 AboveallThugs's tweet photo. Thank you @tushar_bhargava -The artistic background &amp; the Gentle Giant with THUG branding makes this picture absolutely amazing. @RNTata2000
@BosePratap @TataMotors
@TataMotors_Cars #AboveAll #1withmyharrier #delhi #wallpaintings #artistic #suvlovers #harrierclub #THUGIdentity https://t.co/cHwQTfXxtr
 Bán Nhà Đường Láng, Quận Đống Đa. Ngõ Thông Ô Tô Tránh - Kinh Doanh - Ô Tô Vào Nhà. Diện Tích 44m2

* * *

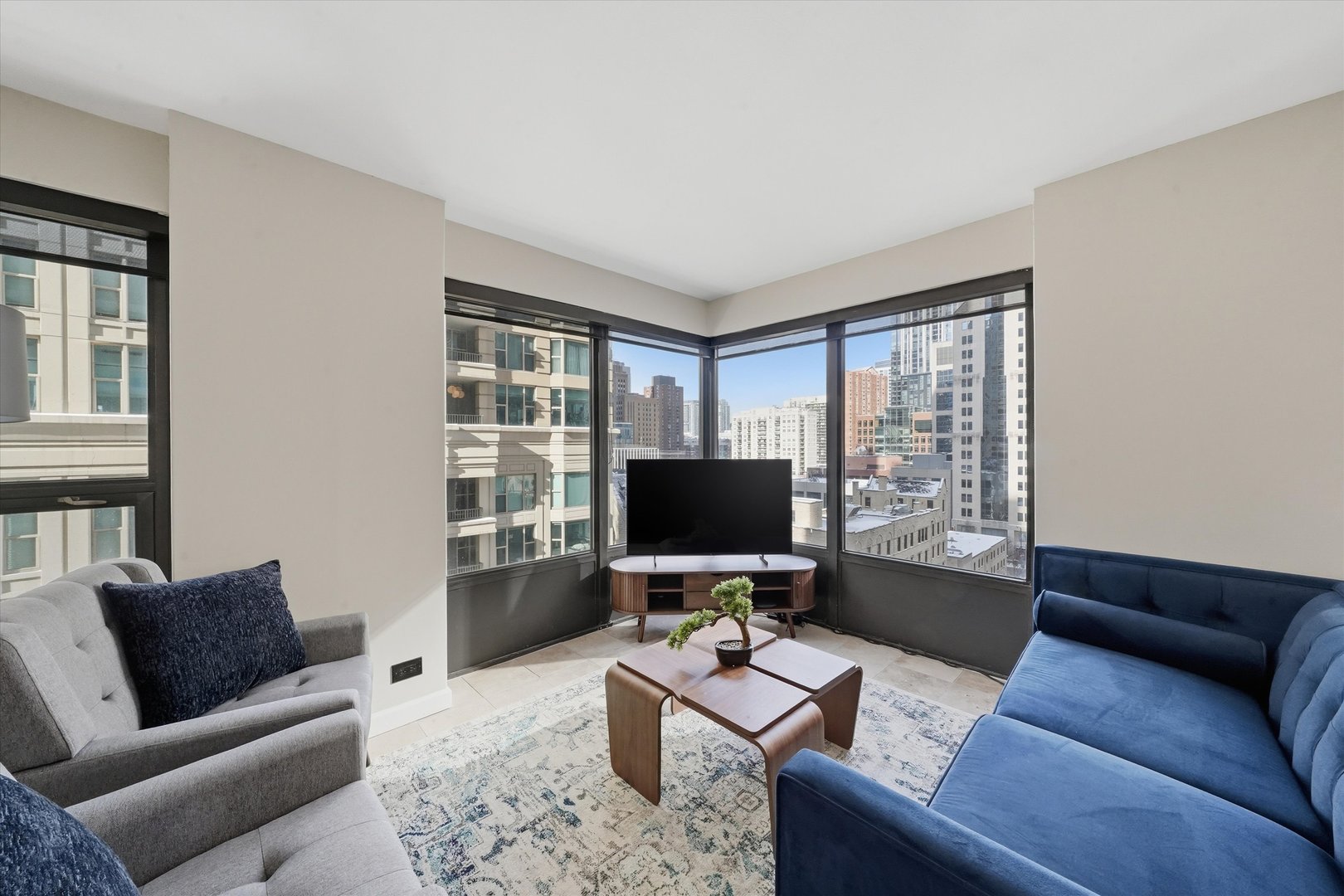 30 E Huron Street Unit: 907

* * *

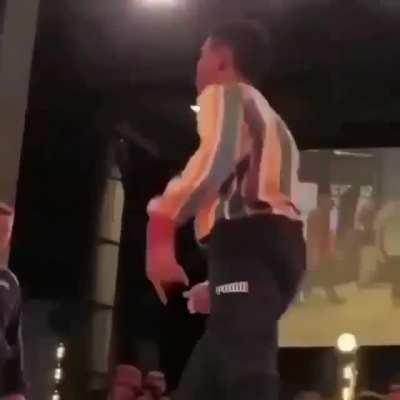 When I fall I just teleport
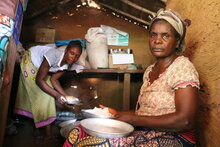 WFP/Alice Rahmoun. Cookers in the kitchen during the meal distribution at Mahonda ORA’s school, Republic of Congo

◆ **WHAT THE EXERCISE ASKS**
Copy out each line of the data that includes the string "artistic".

◆ **EXPECTED ANSWER**
 AboveallThugs's tweet photo. Thank you @tushar_bhargava -The artistic background &amp; the Gentle Giant with THUG branding makes this picture absolutely amazing. @RNTata2000
@TataMotors_Cars #AboveAll #1withmyharrier #delhi #wallpaintings #artistic #suvlovers #harrierclub #THUGIdentity https://t.co/cHwQTfXxtr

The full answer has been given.